# Very Fun..History Channel games



## chickenista (Mar 24, 2007)

http://www.history.com/expedition/game/

This is the best, but the History Channel website has some very cool stuff.
We have been playing Expedition all morning. Warning! Addictive!


----------



## chickenista (Mar 24, 2007)

Simon and I almost came to blows over who got to play next!
Now.. he is doing some math sheets...I wonder what I should do over on my side of the rtoom while he works.........?


----------



## Tracy Rimmer (May 9, 2002)

Chicken -- I'd just like to say that I'm not going to thank you for this. I was perusing the forum earlier, found your link, and subsequently did not get even a third of the things I needed to get done today finished. It's four days before Christmas, and seriously, this link is evil.

(but fun)

Tracy


----------



## chickenista (Mar 24, 2007)

Merry Christmas to all.....


----------



## 1Travelingon (May 1, 2005)

It is fun! Thanks for sharing


----------



## christij (Mar 5, 2006)

Okay, DD is only 4, but it couldn't hurt to look could it....


----------



## Tracy Rimmer (May 9, 2002)

Okay -- Christi will be MIA for the next five hours. 

That game is HORRIBLY addictive.

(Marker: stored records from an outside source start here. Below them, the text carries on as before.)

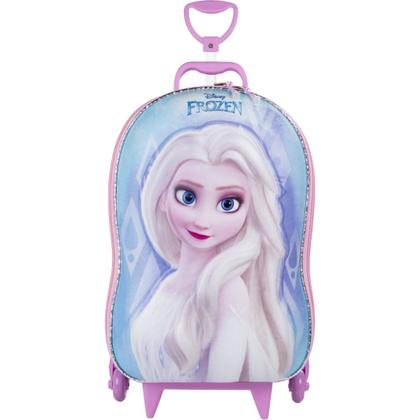 Imagem de Mochila Mala escolar infantil de 3 rodinhas e Relevo 3D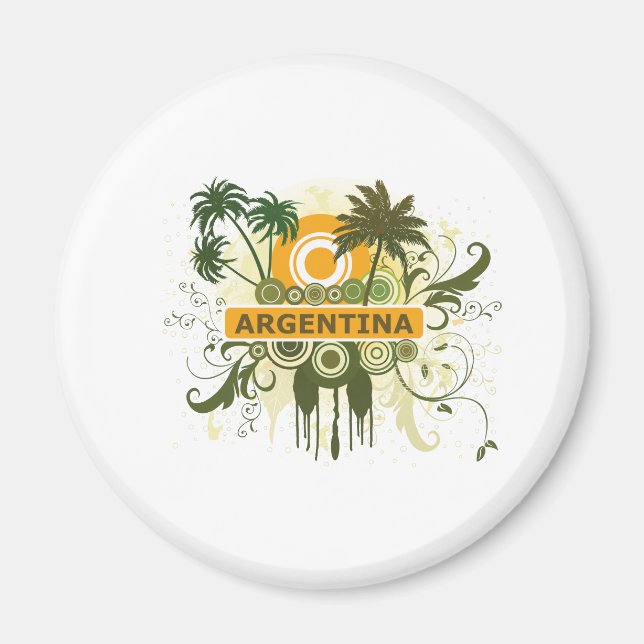 Aimant Palmier Argentine (Devant)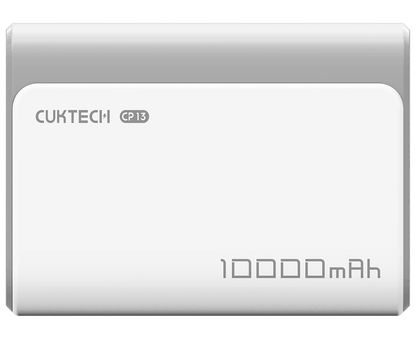 Externe Batterie Cuktech CP13, 10000mAh, 30W, QC + PD, 1 x USB-A - 1 x USB-C, Grau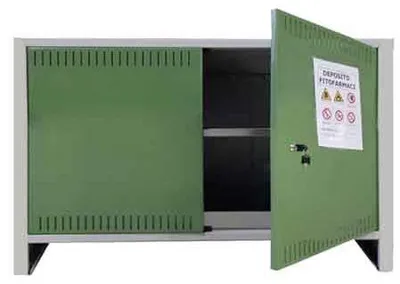 Immagine prodotto di ARMADIO FITOFARMACI BASSO 400x1000x80 (PxLxH) mm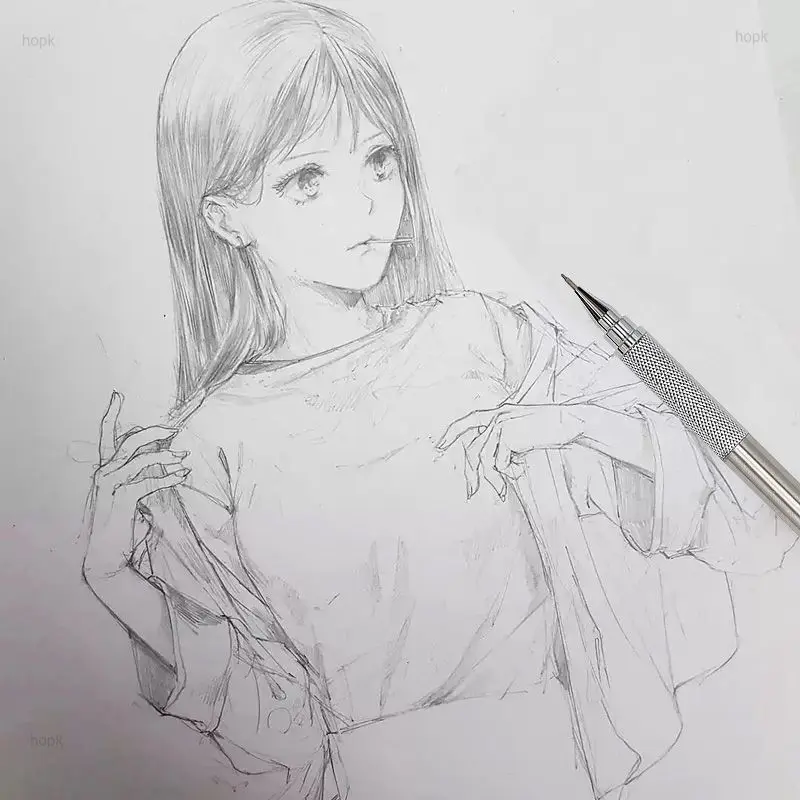 금속 기계식 연필 세트 리드 리필 제도 자동 연필, 0.3, 0.5, 0.7, 0.9, 1.3mm 2B HB 미술 용품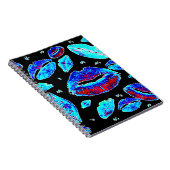 Carnet Baisers partout (bleu) (Côté Droit)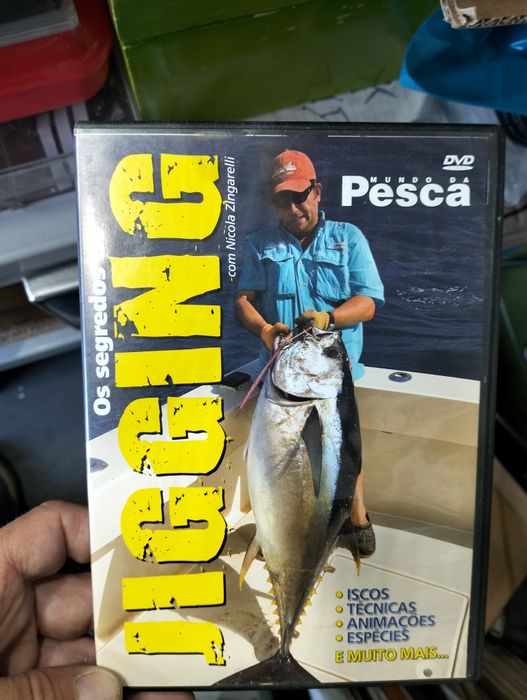 4 DVDS sobre pesca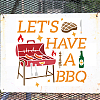 US 1 Set Barbecue PET Hollow Out Drawing Painting Stencils DIY-MA0001-83A-7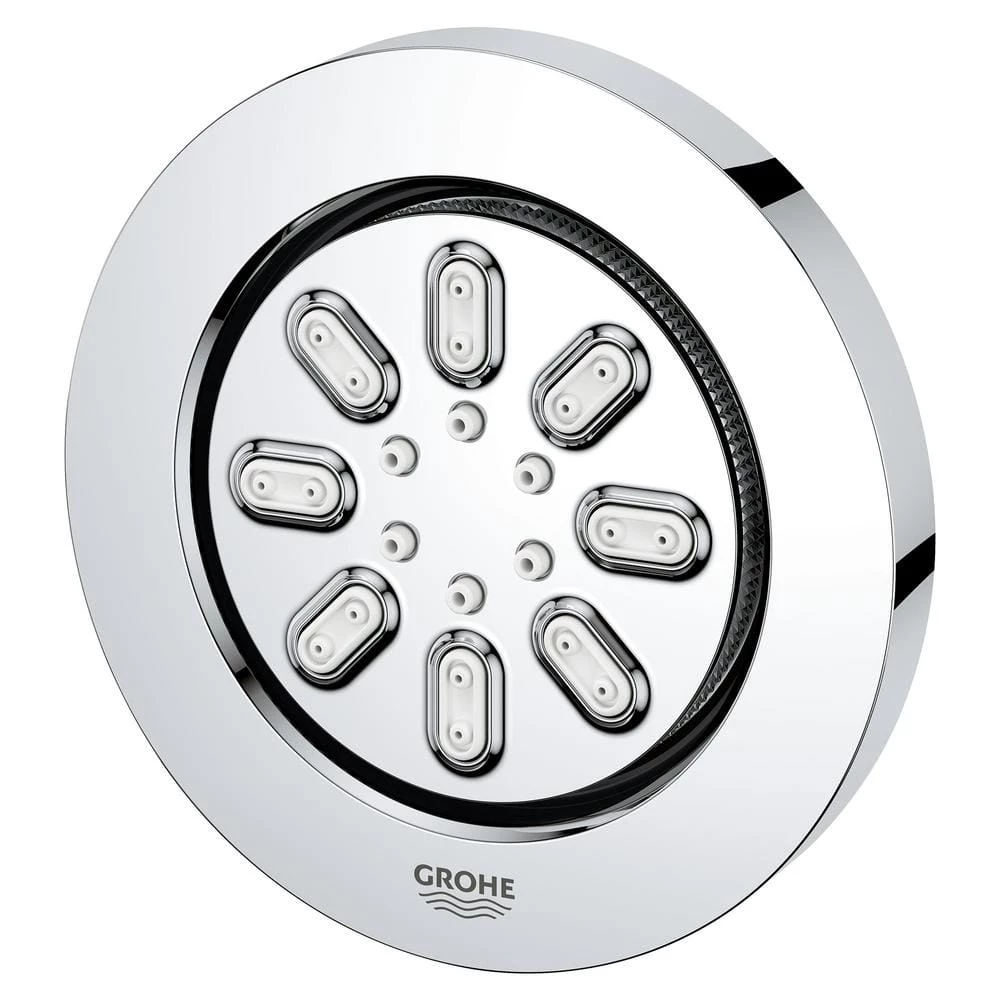 GROHE Rain Shower 2-Spray Round Body Spray in Chrome 2 GROHE Rain Shower 2-Spray Round Body Spray in Chrome - Image 2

I've been recording the television series, but we haven't watched any of them yet -- I like to get content for us to watch during the cold, dark months of January and February, and that is slated for a few evenings when we just want to cuddle on the sofa and stay warm.


----------



## Ohio dreamer (Apr 6, 2006)

Tracy Rimmer said:


> I've been recording the television series, but we haven't watched any of them yet


When is it on? I can see the the series is for sale for $24, but I can't see when it's going to air.....maybe I should check and see if the library owns it.


----------



## brayberryfarms (Dec 5, 2009)

Hey, does anybody know what I need to do to play the game? I went to the screen and it looks like it's going to load, but it just says it is 4% ready - forever. It never does anything else. Help! It sounds good and we just cancelled cable today, so the kids and I would love to play!
Thanks!


----------



## brayberryfarms (Dec 5, 2009)

Finally got the game to load the next day. Maybe something was stuck on their end. It is addicting, and the kids really enjoyed it. Thanks for the link.

I was wondering if the episodes could be watched online, so I guess maybe only the last one is available. I'll keep watching for it. We don't have cable now, so it would be fun to watch them online.

Thanks!


----------